Monday, July 20, 2009

Links (or a shameful stab at self-promotion)

I promise not to make a habit of this. However students and folks at various lectures have asked me where they can locate information on my reviews and books.

For a collection of movie reviews written when I wrote for Boxoffice (1996-2007) and (briefly) The Globe and Mail (1998-2000) can be found at Rotten Tomatoes. They gather original reviews from critics across North America. It's a worthy and well-organized reference site. My reviews can be found at www.rottentomatoes.com/author/author-1157/. My Boxoffice reviews can also be read at www.zoominfo.com/people/Courrier_Kevin_112323034.aspx. The old CBC Radio reviews (1998-2005) some of you have requested are no longer available. They were published on their old website.
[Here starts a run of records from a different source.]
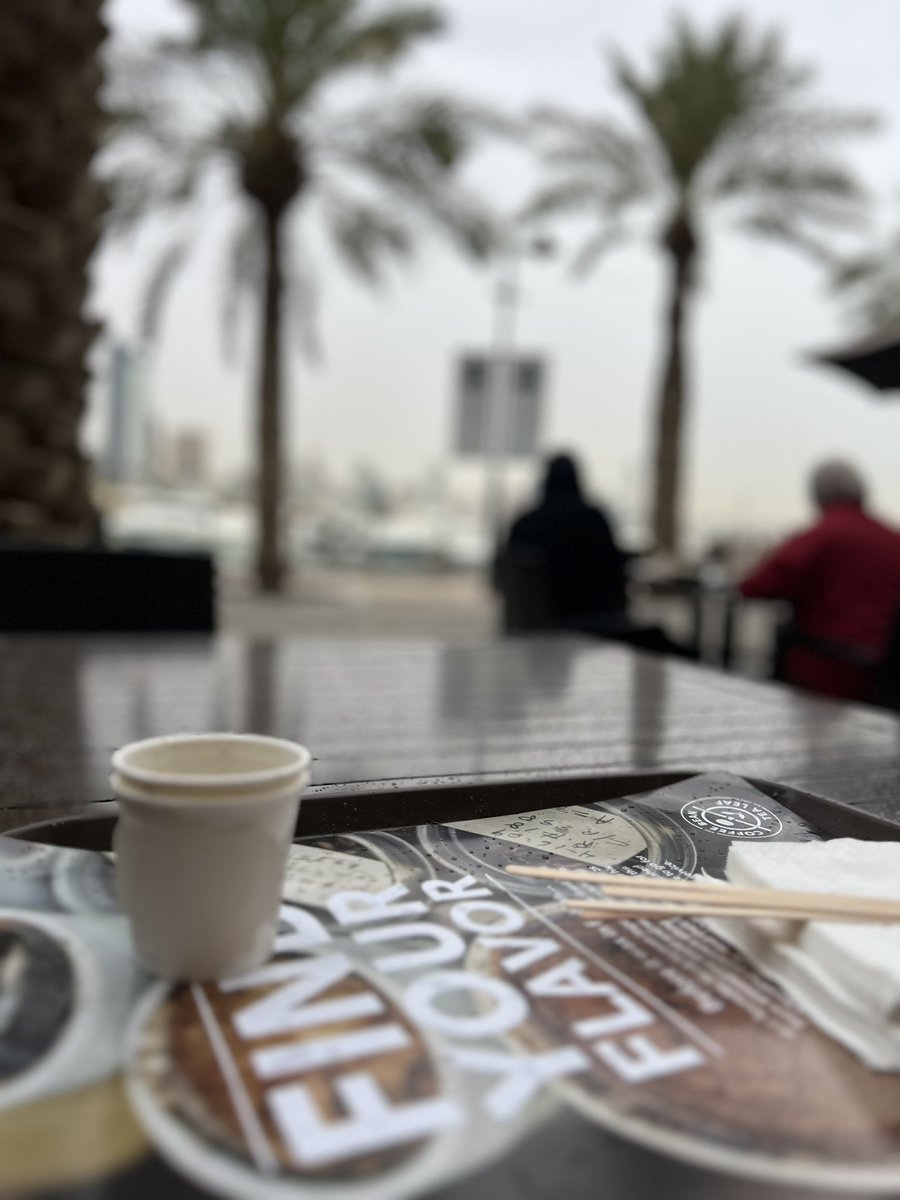 حسن مال الله tweet media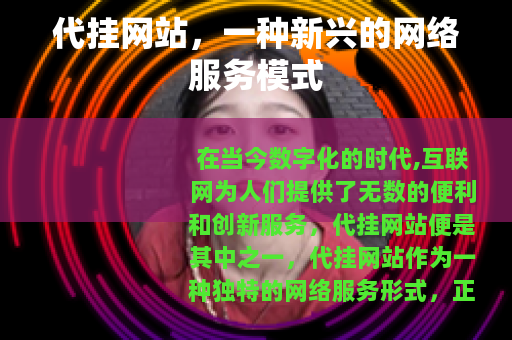 代挂网站，一种新兴的网络服务模式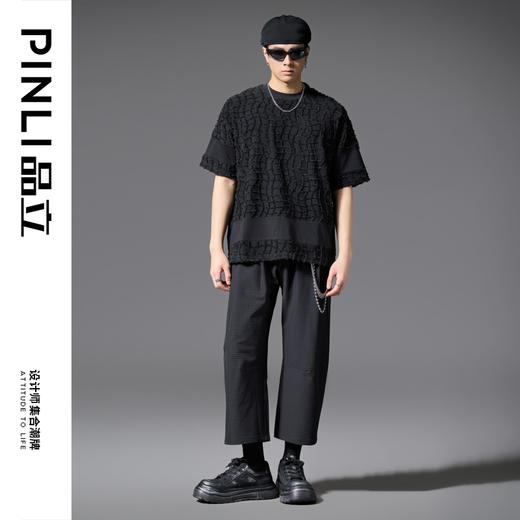 PINLI品立2025春夏新款潮牌格子毛边短袖T恤男士宽松时尚休闲上衣B252111008 商品图1
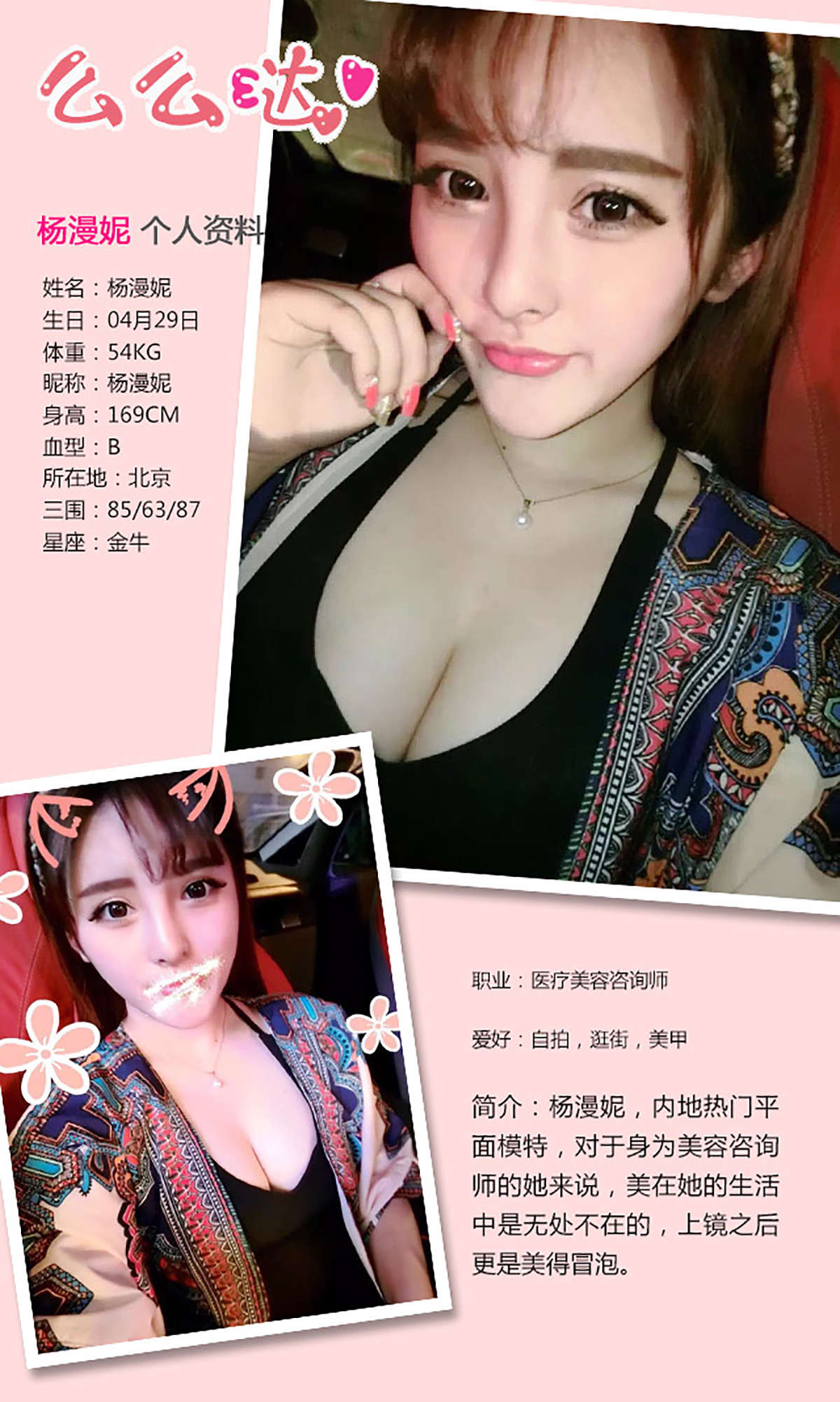 https://www.lss77.com/wp-content/uploads/2019/01/3698-1.jpg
For those interested in my pieces for Metro Newspapers, their archive has a number of reviews that I've written since last September. If you go to www.metronews.ca/ and search my name, the list of pieces will appear.

While my latest book, Artificial Paradise: The Dark Side of The Beatles' Utopian Dream, is heading for quick obscurity (if it hasn't already made the trip), I still believe it tells a familiar story using a pretty distinct focus. You can find reference to it here: www.greenwood.com/catalog/C34586.aspx -. Although it came out in January, the American publisher Greenwood-Praeger have done zilch to promote it. (Their marketing people even changed my title from Nowhere Land to Arificial Paradise because they thought "it would help sales." It's too bad they're not helping sales.) In truth, Praeger doesn't do trade books. Their stock-in-trade is University libraries. (It also didn't help that they were bought up by a bigger non-trade company ABC-Clio just as Artificial Paradise was coming out.) To be fair, they did do a handsome job of producing the book and they allowed me to go one hundred thousand words over what was intended. But none of that helps if no one knows it exists. However, one worthy soul, David Kidney, did review it for the online publication Green Man Review. David has reviewed all my books quite favourably, as well as intelligently. He persisted in getting a review copy from the publisher till they finally relented. His review can be found at: www.greenmanreview.com/.../book_courrier_artificialparadise.html

You can also find a list of the other various books I've written at Amazon.com. Speaking as a critic, I have no problem with people not liking any of my books. But some of the "critics" on these Amazon sites (especially those who "reviewed" Randy Newman's American Dreams) showed a startling inability to recognize that it was intended as a critical analysis of Newman's work. It would appear from their incoherent musings that they were hoping to find a book that merely lit incense sticks around their hero. Writers need to have a point of view. That's how and why their work gets published (at least for the moment). But I think since the Newman fans didn't know who I was, they could care less what I thought about his music, so they dismissed the book for what it wasn't rather than for what it was. Hence their curious scriblings which you can find here: www.amazon.com/Randy...Kevin-Courrier/dp/1550226908

My favourite book to write (and the one written with the least distractions) was "Captain Beefheart's Trout Mask Replica" for Continuum's "33 1/3" series. I highly recommend to fans of pop music to check out this series. Each book (or chap book, really) is about one significant record that moved the writer. Besides being an ideal series that introduces readers to a number of fascinating albums, most of them are perfect companions for those records. This one (about a completely uncompromising album) also drew surprisingly thoughtful and precise reviews on Amazon than the Newman one did. One guy even brings up some worthy criticisms that illustrates that he actually gets it. They can be found here www.amazon.com/Captain-Beefhearts-Trout.../0826427812. The best and thorough review of Trout Mask is located at the Beefheart site Doc at the Radar Station: www.beefheart.com/zigzag/books/troutmask33.htm

Finally, producer John Corcelli and I have been hard at work on some new music documentaries at CBC Radio on Inside the Music. The series is called Revolutions Per Minute and last year we provided five programs on essential Canadian pop albums. They included The Band's Music From Big Pink, Joni Mitchell's Blue, Bruce Cockburn's Inner City Front, Daniel Lanois' Acadie and Broken Social Scene's You Forgot it in People. You can stream those programs at the cbc.ca site where Inside the Music has their program archives. Just enter here http://www.cbc.ca/radio2/programs.html?INSIDE_THE_MUSIC and follow the links to their archive. John and I have just finished two new Revolutions Per Minute docs on kd lang's Shadowland and Maestro Fresh-Wes's Symphony in Effect which will be aired this fall.

I think that is enough shilling for attention for today.